### [Dataset]
'''
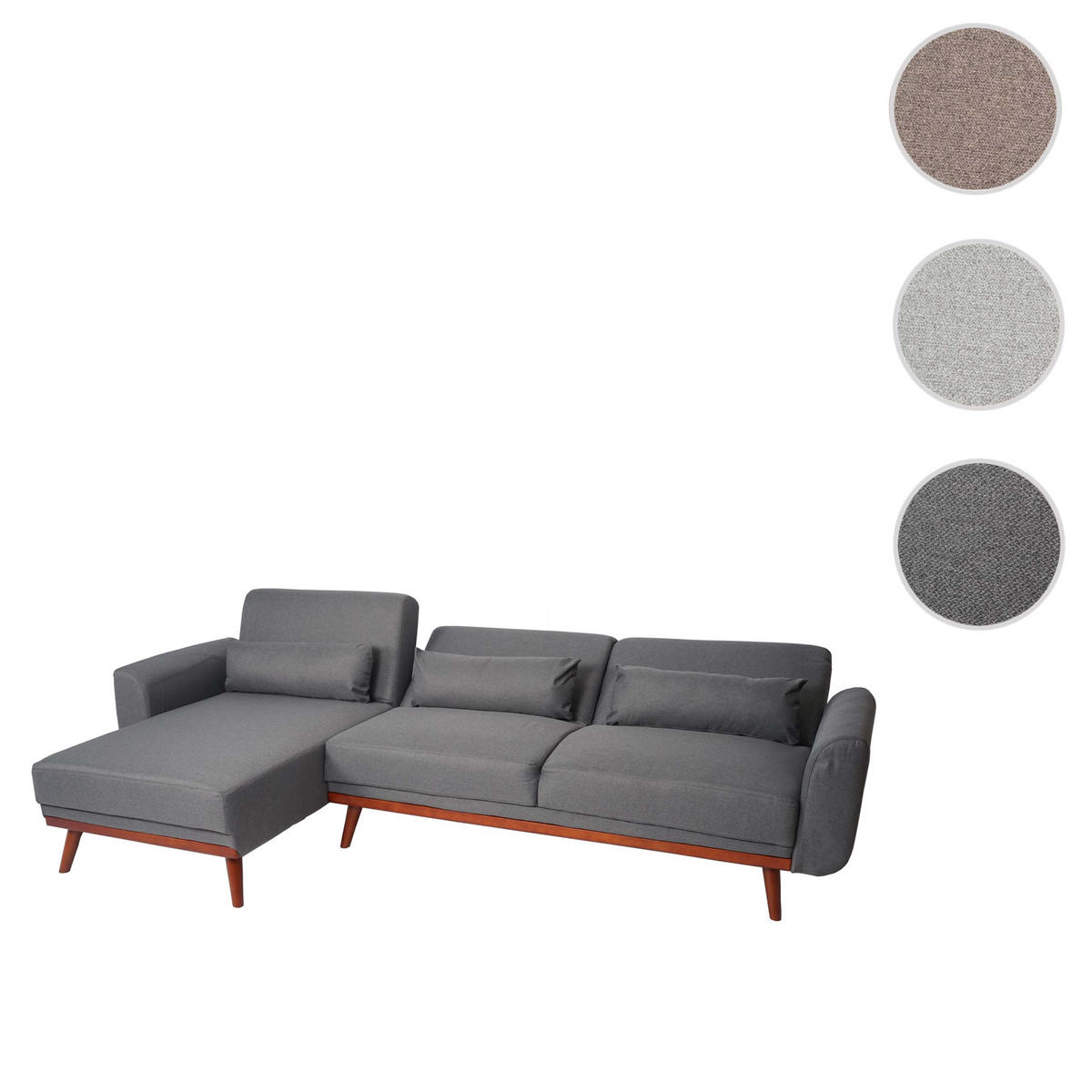 SOFA Grau - Grau, Textil (280/139cm) - MCW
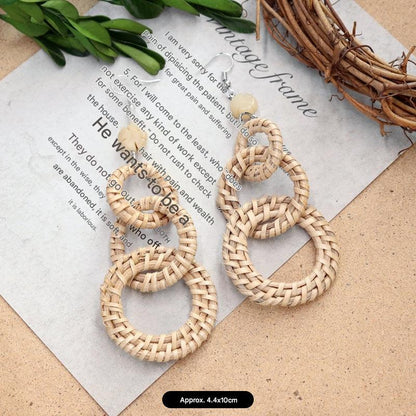 Bohemian vintage rattan earrings stylish design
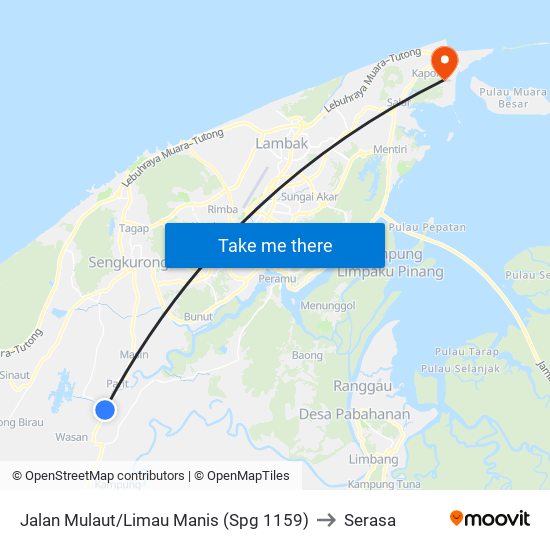 Jalan Mulaut/Limau Manis (Spg 1159) to Serasa map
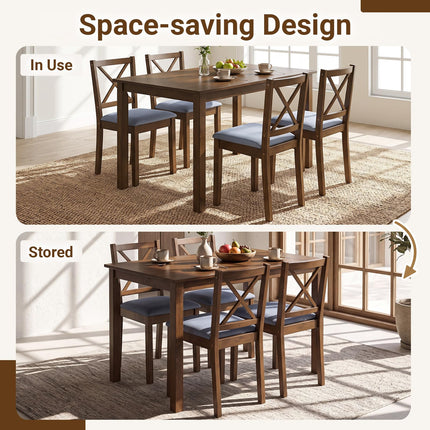 Dreamade Dining Table Set with X-Shaped Backrest for Small Space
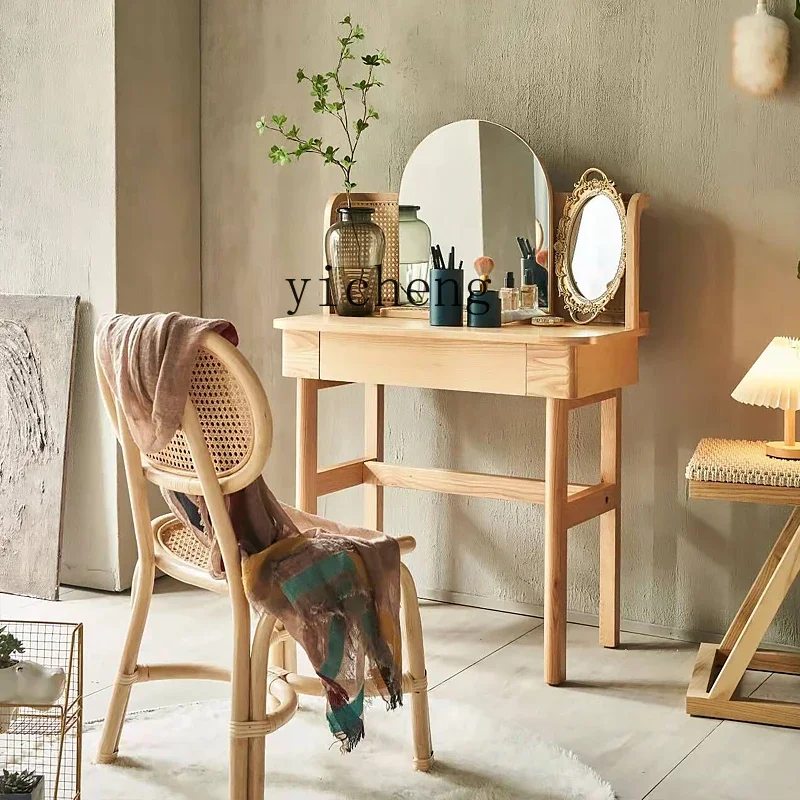 TQH6.12 Solid Wood Dressing Table Bedroom Storage Small Homestay Rattan Makeup Table
TQH6.12 Solid Wood Dressing Table Bedroom Storage Small Homestay Rattan Makeup Table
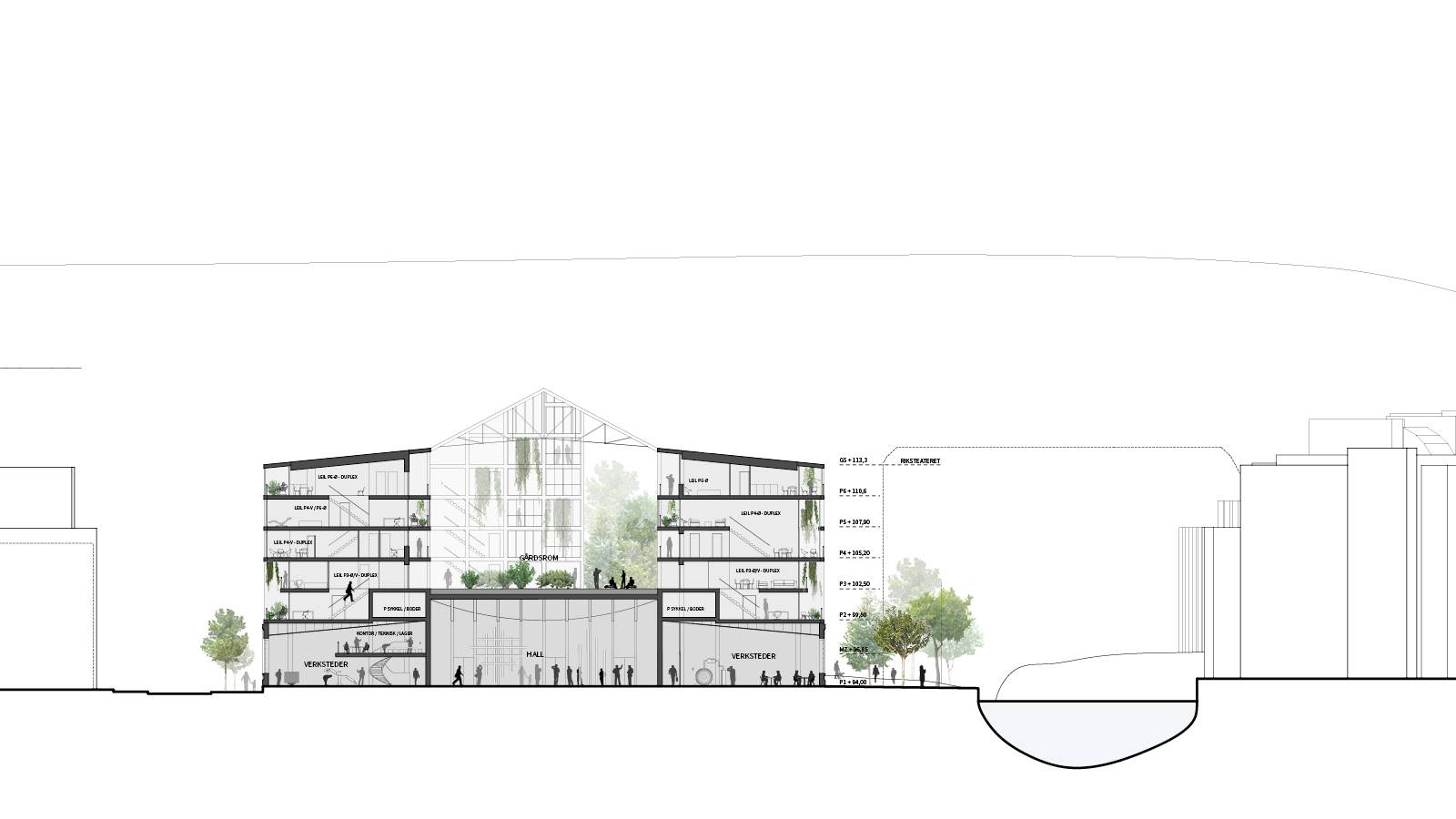 CROSS SECTION THROUGH RIVER - Nydalsveien 32B – “Huset” - SPOL Architects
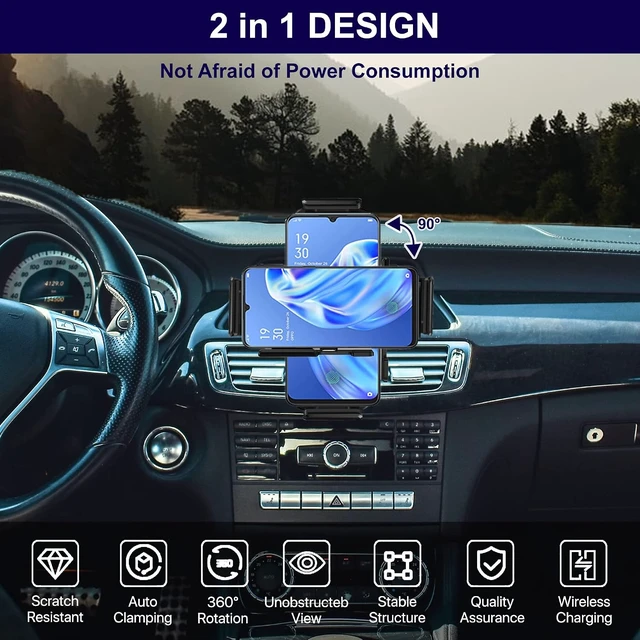 Alt view image 2 of 7 - 15W Qi Wireless Car Charger Auto-Rotating Dual Coils Fast Charging Vent/Dashboard Phone Mount Holder for Galaxy Z Fold 8u/7/6/S24, iPhone 17/16/15/14 Pro Max, Google Pixel 8/7 Pro (L)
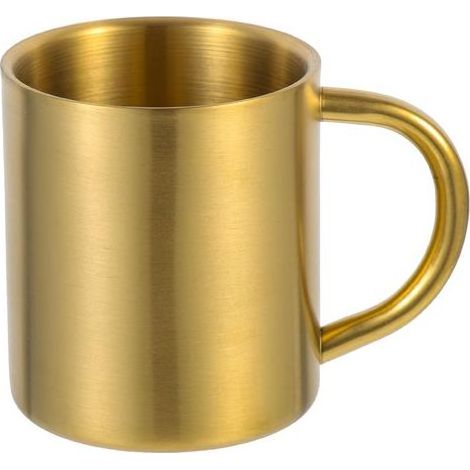 Tazza in acciaio inox da 200 ml a doppia parete, con un comodo manico, la tazza di caffè in metallo, tazza di tè, per la casa, campeggio all'aperto (oro) Bicchieri in acciaio inox (1/5)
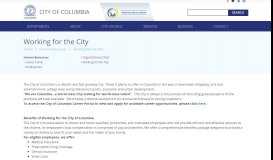 
							         Working for the City - Welcome to the City of Columbia								  
							    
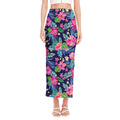 Blossom Tropical Flower Pattern Print Side Slit Maxi Skirt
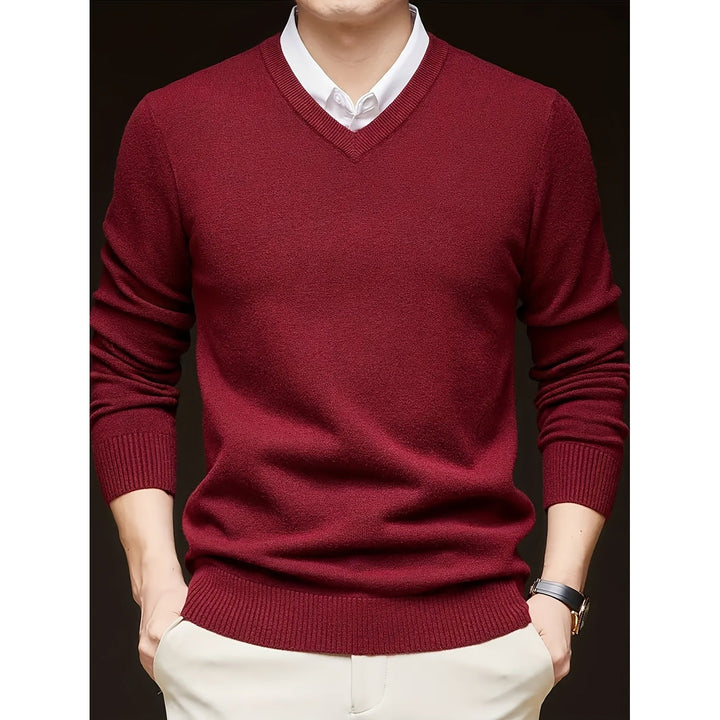 Pull homme col V casual – maille douce et extensible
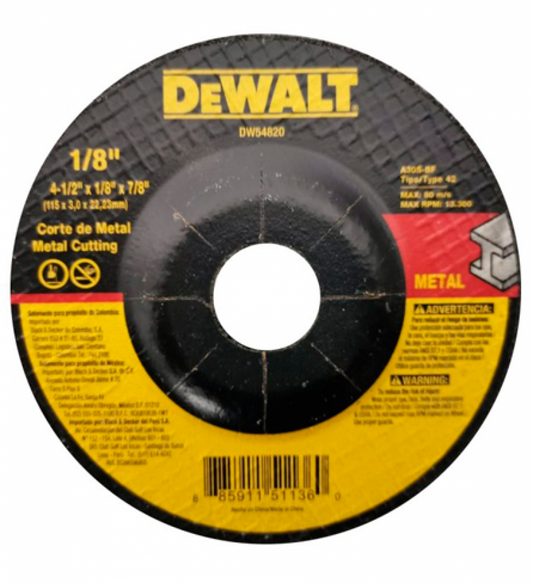 DISCO DE CORTE 4-1/2 X 1/8 DEWALT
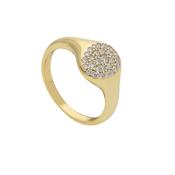 9ct Gold Cluster Diamond Signet Ring image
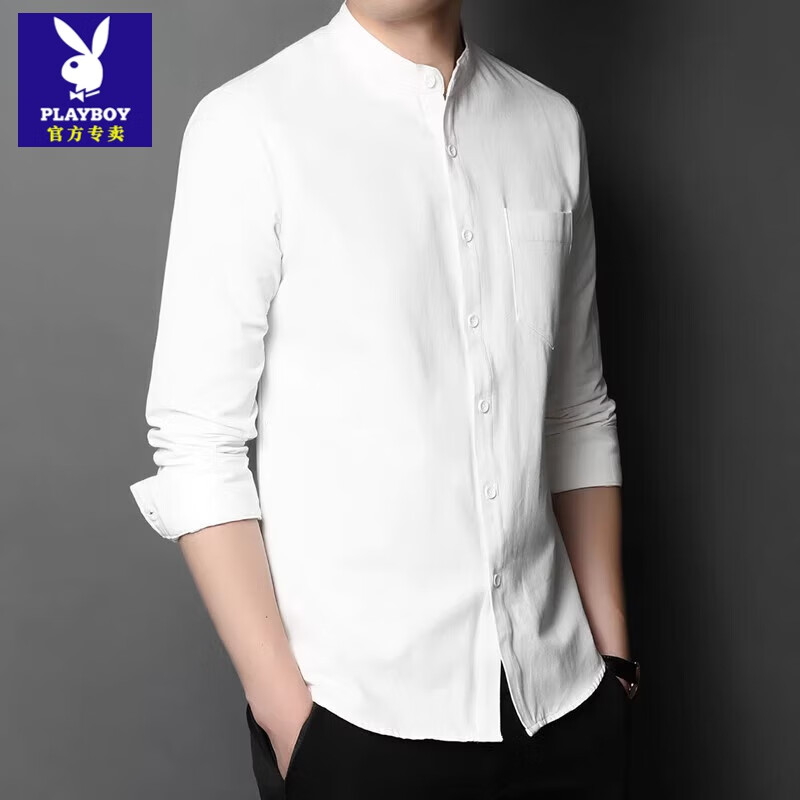 花花公子（PLAYBOY）纯棉长袖衬衫男加绒加厚秋冬季立领外套衬衣潮男士休闲上衣 白色 M 165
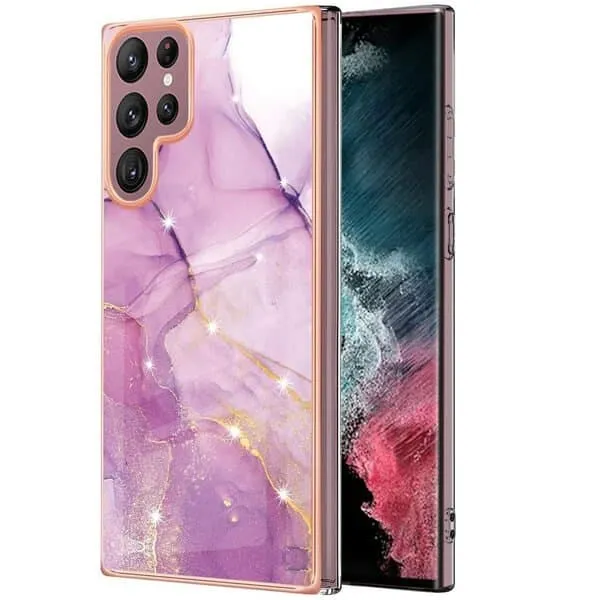 Samsung Galaxy S22 5G Case Hard back Marble Pattern Slim Design Enhanced Camera and Screen Protection Girls and Women Cover (Pink)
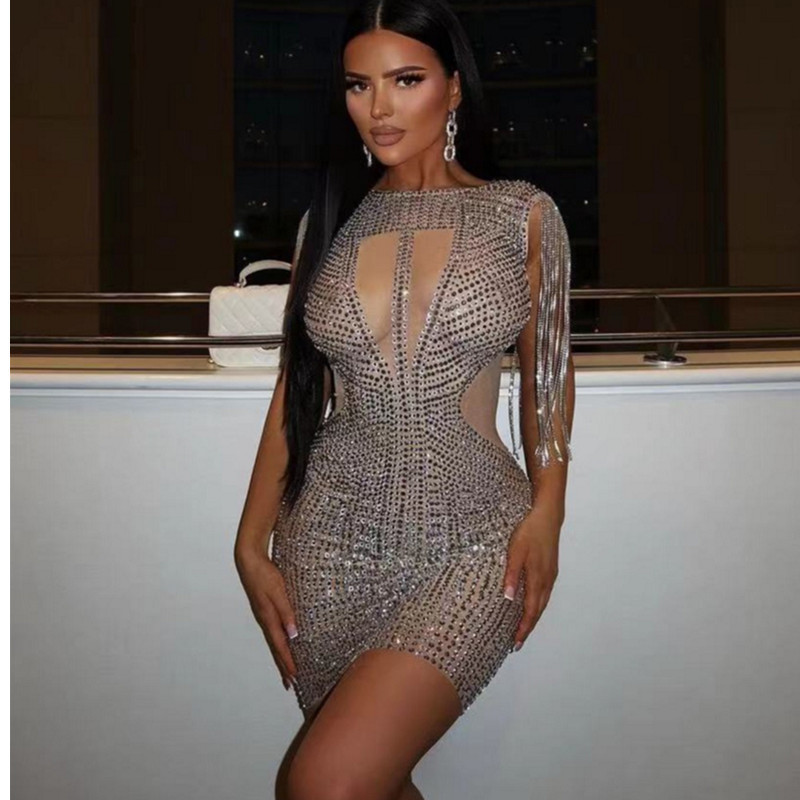 High-end cross-border hot sale rhinestone diamond chain sexy tight hip dress birthday party red carpet dress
'''
### [Work instruction]
Reproduce exactly, with no pictures, the lines above from the one holding "Tazza in acciaio" to the one holding "Pull homme col", inclusive.

### [Your solution]
 Tazza in acciaio inox da 200 ml a doppia parete, con un comodo manico, la tazza di caffè in metallo, tazza di tè, per la casa, campeggio all'aperto (oro) Bicchieri in acciaio inox (1/5)
							         Working for the City - Welcome to the City of Columbia								  
							    
 Blossom Tropical Flower Pattern Print Side Slit Maxi Skirt
 Pull homme col V casual – maille douce et extensible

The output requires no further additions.